As we leave summer and approach fall, we hear a lot about “falling back into a routine.” As I wrote last week, for many of us, fall is a time when kids go back to school, our schedules become a little more predictable, and we establish routines. As if it were that easy…..
Getting into, getting back into, or sticking with a routine can be tricky and often involves overcoming certain obstacles, but it doesn’t have to be impossible. We often set ourselves up thinking we have to go all out and all in to see change. Vivian (the BodyFit Dietitian) and I often describe ourselves as “Recovering Perfectionists” and will always remind you that all or nothing thinking with nutrition and fitness (or anything, really), just doesn’t work, nor is it sustainable. Here’s three tips that can help you transition into your fitness routine.
Start slow and low. This is a tip I often give Beginner Exercisers when starting a workout program, meaning slow pace and low intensity. But it applies to routine as well. Start slow with one or two days per week of workouts, and start with low pressure on what defines a workout. Set your alarm 10 minutes earlier and do a 10 Minute Workout or 5 Minute Workout. Take a walk on your lunch break. Pack one lunch a week instead of eating out. Start with 1-2 days week and work your way up. Easing your way in can feel less overwhelming and attainable.
Celebrate the wins! So often we get focused on what we didn’t do, we forget about what we did do! Reframe your thinking and your language: instead of “I only got one workout in a week” try “I got one workout in this week!” Instead of “I have to exercise today.” It’s “I get to exercise today.” Instead of “I ate so much junk food this weekend” remember “I had a great time with friends this weekend.” It’s all about perspective.

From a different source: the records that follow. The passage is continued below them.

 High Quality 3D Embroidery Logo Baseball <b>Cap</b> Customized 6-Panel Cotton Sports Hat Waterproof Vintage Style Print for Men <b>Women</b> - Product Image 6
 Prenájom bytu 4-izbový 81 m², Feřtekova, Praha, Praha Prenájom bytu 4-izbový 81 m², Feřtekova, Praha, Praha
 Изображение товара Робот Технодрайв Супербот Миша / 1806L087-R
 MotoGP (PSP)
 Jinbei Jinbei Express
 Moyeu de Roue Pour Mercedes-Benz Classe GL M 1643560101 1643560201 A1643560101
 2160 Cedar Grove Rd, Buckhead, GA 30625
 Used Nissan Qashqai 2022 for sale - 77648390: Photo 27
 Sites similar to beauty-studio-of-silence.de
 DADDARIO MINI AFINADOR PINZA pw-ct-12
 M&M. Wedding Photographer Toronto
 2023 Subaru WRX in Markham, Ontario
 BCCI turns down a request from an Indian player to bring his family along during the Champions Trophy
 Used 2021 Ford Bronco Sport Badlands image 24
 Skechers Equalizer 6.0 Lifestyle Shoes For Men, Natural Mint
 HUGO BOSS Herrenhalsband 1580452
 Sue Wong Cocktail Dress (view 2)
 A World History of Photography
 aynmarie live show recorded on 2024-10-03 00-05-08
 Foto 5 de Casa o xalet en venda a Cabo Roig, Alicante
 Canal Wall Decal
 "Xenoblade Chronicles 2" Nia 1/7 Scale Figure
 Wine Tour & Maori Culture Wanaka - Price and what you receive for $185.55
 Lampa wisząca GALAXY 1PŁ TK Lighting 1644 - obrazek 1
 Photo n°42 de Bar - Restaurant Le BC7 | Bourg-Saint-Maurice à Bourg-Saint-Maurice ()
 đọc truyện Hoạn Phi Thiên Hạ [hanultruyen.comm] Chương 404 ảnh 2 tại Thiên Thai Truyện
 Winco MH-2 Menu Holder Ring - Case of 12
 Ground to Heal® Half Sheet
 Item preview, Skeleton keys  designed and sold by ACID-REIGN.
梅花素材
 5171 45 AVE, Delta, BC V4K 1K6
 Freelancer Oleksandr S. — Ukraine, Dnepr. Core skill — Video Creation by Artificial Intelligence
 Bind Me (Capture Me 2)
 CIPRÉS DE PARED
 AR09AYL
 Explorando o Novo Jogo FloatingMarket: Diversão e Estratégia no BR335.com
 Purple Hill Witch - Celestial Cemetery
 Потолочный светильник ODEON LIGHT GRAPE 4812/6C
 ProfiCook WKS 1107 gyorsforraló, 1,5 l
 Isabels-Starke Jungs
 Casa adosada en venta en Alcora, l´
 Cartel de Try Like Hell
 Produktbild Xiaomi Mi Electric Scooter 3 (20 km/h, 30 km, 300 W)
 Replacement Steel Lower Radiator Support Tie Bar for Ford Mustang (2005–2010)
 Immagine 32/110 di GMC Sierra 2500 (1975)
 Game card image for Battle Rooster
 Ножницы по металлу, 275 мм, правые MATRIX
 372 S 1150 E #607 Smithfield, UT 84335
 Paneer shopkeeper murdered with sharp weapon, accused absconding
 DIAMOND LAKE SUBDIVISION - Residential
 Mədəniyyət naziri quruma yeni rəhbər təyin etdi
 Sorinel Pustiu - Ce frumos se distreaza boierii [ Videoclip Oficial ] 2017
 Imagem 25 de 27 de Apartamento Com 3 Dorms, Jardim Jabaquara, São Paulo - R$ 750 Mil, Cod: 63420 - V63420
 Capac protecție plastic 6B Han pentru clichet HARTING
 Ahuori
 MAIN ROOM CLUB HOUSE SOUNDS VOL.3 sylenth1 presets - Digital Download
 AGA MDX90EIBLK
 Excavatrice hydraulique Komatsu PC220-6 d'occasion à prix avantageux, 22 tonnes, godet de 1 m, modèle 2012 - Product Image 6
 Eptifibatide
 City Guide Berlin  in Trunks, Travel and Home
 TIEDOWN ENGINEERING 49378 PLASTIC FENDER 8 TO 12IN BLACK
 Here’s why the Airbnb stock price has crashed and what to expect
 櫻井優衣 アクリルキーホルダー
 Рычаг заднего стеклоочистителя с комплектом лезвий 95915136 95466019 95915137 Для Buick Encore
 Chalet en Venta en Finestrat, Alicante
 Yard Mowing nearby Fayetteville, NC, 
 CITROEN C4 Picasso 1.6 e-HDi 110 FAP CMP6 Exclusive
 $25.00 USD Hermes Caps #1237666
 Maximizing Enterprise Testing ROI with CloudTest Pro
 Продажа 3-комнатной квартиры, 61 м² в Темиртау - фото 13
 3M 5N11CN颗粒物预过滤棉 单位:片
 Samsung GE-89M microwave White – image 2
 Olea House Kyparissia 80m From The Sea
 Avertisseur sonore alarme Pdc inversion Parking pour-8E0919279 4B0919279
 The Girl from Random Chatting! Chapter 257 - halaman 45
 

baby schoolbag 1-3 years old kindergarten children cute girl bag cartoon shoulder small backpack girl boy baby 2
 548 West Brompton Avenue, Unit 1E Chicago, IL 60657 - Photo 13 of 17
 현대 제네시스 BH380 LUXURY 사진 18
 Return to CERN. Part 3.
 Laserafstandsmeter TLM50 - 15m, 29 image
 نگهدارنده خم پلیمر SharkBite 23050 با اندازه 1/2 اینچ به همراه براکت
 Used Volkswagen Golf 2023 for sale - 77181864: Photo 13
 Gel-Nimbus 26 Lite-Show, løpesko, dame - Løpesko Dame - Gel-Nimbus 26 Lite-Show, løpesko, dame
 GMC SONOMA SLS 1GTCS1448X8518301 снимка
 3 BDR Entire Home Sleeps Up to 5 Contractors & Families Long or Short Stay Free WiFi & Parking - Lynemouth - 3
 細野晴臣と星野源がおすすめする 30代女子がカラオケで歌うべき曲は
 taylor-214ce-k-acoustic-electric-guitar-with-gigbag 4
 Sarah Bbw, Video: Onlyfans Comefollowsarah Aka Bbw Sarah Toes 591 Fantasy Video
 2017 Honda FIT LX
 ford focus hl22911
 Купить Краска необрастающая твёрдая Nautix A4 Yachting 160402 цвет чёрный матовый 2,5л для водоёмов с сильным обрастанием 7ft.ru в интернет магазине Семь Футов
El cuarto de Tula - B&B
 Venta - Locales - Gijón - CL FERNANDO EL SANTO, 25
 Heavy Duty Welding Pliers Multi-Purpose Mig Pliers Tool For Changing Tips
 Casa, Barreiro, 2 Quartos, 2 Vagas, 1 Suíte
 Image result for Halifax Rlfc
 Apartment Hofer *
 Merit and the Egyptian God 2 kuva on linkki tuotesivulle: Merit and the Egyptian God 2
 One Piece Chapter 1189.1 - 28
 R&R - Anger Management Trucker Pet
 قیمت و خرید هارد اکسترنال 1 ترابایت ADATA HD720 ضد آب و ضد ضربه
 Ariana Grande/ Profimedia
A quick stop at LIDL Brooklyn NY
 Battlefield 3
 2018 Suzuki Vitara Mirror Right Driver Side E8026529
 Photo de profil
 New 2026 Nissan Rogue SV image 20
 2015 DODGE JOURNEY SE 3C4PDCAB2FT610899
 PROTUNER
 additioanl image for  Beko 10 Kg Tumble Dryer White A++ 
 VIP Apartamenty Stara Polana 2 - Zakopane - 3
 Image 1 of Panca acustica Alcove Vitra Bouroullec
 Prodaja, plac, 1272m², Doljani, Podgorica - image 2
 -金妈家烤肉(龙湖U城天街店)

Give yourself grace. You hear me say it all the time: Be where you are today and remember, if you showed up today, you are successful. You haven’t “failed” by missing a day (or a week), or didn’t follow the program perfectly, and there’s no reason you’ve “ruined the whole day” if you eat something less nutritious you hadn’t planned on. Let’s get rid of the guilt and the shame—-Guess what? That never works either—and focus on keeping moving forward.
Putting healthy fitness and nutrition routines in place isn’t just for a season – it’s for a lifetime. So be patient with yourself, enjoy the journey, and always be ok to be where you are today.
thanks for saying this, self-compassion is so important! you’re positive and full of energy! thanks!! I love your workouts and approach to be healthy physically as well as mentally!
Thank you for these tips. I will keep a calendar close by and mark the days I do exercise. With the COVID 19 lock downs I have become quite unmotivated. I am retired and have all the time in the world. I also need to set up a good stretching routine.
I am 74 . I like doing the 20/30 minute dumbbell or kettlebell workouts. I especially like the no repeat ones.
Thank you for all the videos and the hard work you put into them.
Thanks Amy for the amazing advice. I just love your workouts and your encouraging words.